--- START ---
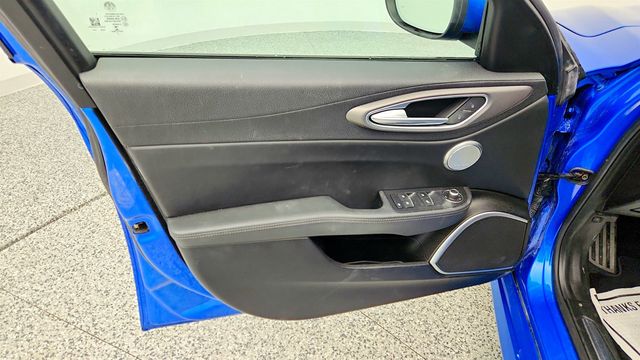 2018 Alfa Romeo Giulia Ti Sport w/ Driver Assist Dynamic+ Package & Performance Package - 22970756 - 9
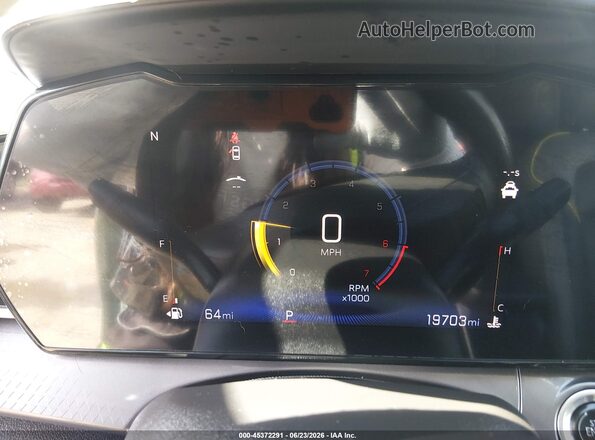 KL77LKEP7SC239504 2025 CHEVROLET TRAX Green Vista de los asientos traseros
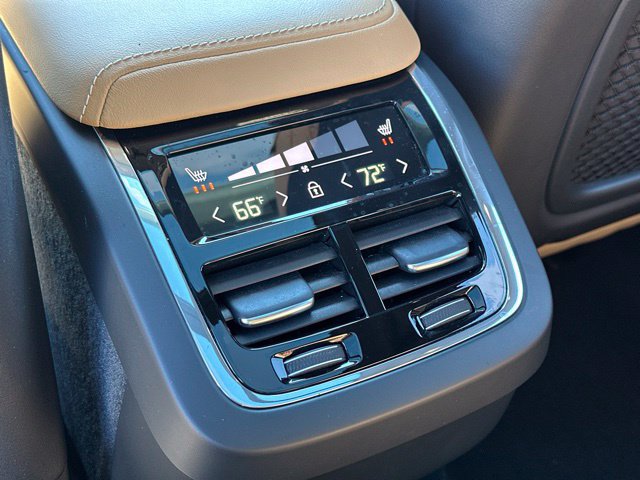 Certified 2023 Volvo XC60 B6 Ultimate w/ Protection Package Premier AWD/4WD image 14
--- END ---
* [WHAT YOU SHOULD DO]: Begin with the line that contains "KL77LKEP7SC239504 2025 CHEVROLET" and copy every line through the end of the listing, exactly as written, both ends included. Pictures are not part of the copy.

* [EXERCISE ANSWER]:
 KL77LKEP7SC239504 2025 CHEVROLET TRAX Green Vista de los asientos traseros
 Certified 2023 Volvo XC60 B6 Ultimate w/ Protection Package Premier AWD/4WD image 14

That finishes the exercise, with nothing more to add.